But this has the problem that every step you take will be observed and must be paid for, even little administrative actions at the end, such as freezing the result vector costs you an extra step.

If I want to do something like work with existing Stream fusion out of vector and just have it pay once for every step, this approach isn't going to cut it.

You could bandaid this with a coproduct and use Free (ST s :+: Identity) and promise not to use the knowledge that the ST s calculations were generated separately for evil, but given the amount of time I recently spent talking about rightsizing abstractions, it'd be hypocritical for me not to try to find a better way.

Capretta's Iterative Monad Transformer

We can upgrade Capretta's partiality monad to a monad transformer as done by Capretta, Altenkirch and Uustalu.

-- show
newtype IterT m a = IterT 
  { runIterT :: m (Either a (IterT m a)) 
  }

instance Monad m => Monad (IterT m) where
  return = IterT . return . Left
  IterT m >>= k = IterT $ 
    m >>= either (runIterT . k) (return . Right . (>>= k))
  fail = IterT . fail
-- /show 

main = putStrLn "It typechecks!"

I've added IterT and its dual to free

Here we can still insert explicit steps:

step :: Monad m => IterT m ()
step = IterT . return . Right . return

If you've been playing with free monads for a while you'll recognize this as a version of FreeT Identity m from the free package, rather than the simpler Free m above. Again, we face the technical distinction that this is based on νx. ST s (a + x) not μx. ST s (a + x).

IterT has been added to the free package in version 4.2 as a distinct construction from FreeT Identity to help drive this distinction home!

Now what we want to do now is generate a slower version of runST that takes a properly quantified ST s calculation with inserted step markers and walks through it carefully, one step at a time:

walkST :: (forall s. IterT (ST s) a) -> Partial a

Walking the Walk

We have a few options for how to implement walkST.

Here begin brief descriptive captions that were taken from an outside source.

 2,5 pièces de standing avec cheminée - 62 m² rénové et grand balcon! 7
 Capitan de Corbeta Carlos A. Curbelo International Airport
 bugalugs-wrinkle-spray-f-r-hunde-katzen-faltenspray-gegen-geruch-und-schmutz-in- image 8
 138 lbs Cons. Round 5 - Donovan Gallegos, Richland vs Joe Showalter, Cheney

It is possible to do this entirely with unsafeInterleaveST.

This is actually a non-trivial exercise and it is very easy to accidentally write a version that is too eager and performs effects too soon. My best version so far requires two uses of unsafeInterleaveST to get the right semantics.

I leave this as an exercise for the reader.

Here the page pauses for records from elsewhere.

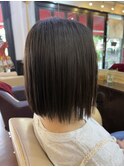 ぱっつんボブby ERINA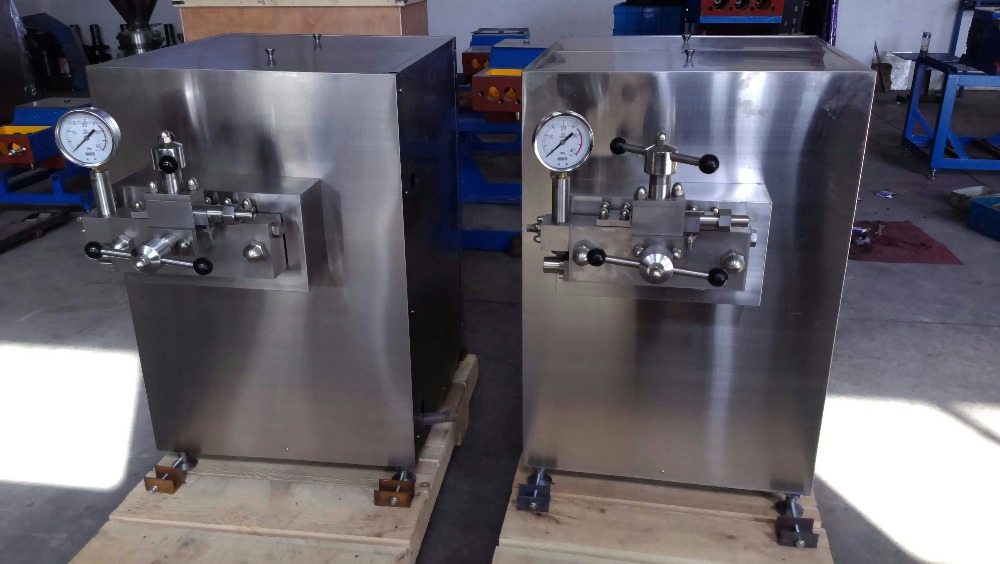 11KW 1500L/H High Pressure Homogenizer Machine for Milk in 220V/380V/440V/480V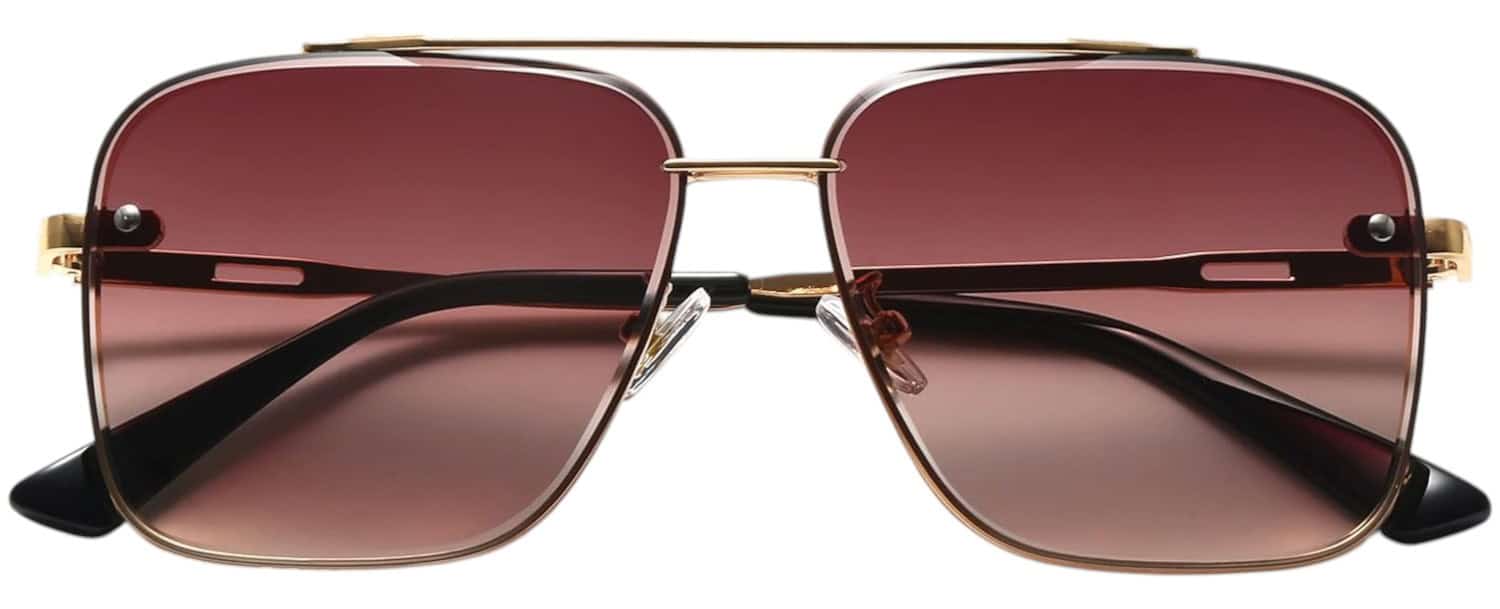 Breaksun Aviator Sunglasses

You can also rummage through λpaste for old versions of this monad for tips. ;)

Newsflash: unsafeInterleaveST Is Unsafe!

Even if you get that right though, unsafeInterleaveST is a whole lot more unsafe for this use case, than the equivalent unsafeInterleaveIO operation! To understand why we need to look down in the guts of each of them.

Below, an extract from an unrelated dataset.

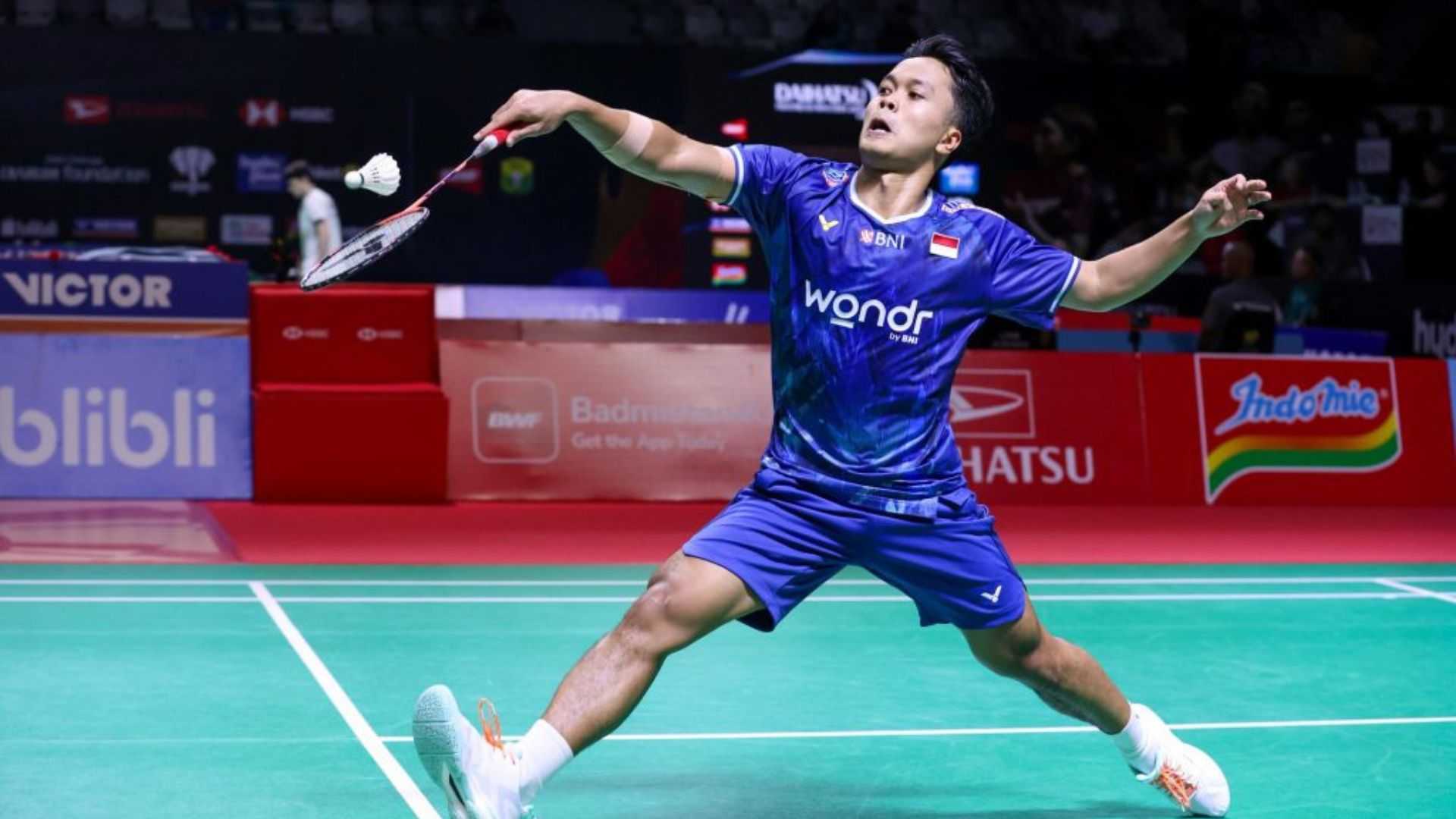 Anthony Ginting Berjuang dari Kualifikasi Indonesia Masters 2026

When a thunk is evaluated in GHC there is an ever so tiny race condition. When one thread enters into a thunk there is a tiny 1-2 cycle window between that thread entering and establishing the greyhole that will catch other threads and make them block, during which another thread could come along and start evaluating the same thunk at the same time.

In the absence of side-effects this is benign. The risk is so low relative to the astronomical costs of synchronization across threads that we, well, just don't bother synchronizing.

This of course would be bad if the thunk did have side-effects, e.g. if it called unsafePerformIO.

Internally unsafePerformIO calls noDuplicate to check to make sure that we're not duplicating effort and effects:

unsafePerformIO :: IO a -> a
unsafePerformIO m = unsafeDupablePerformIO (noDuplicate >> m)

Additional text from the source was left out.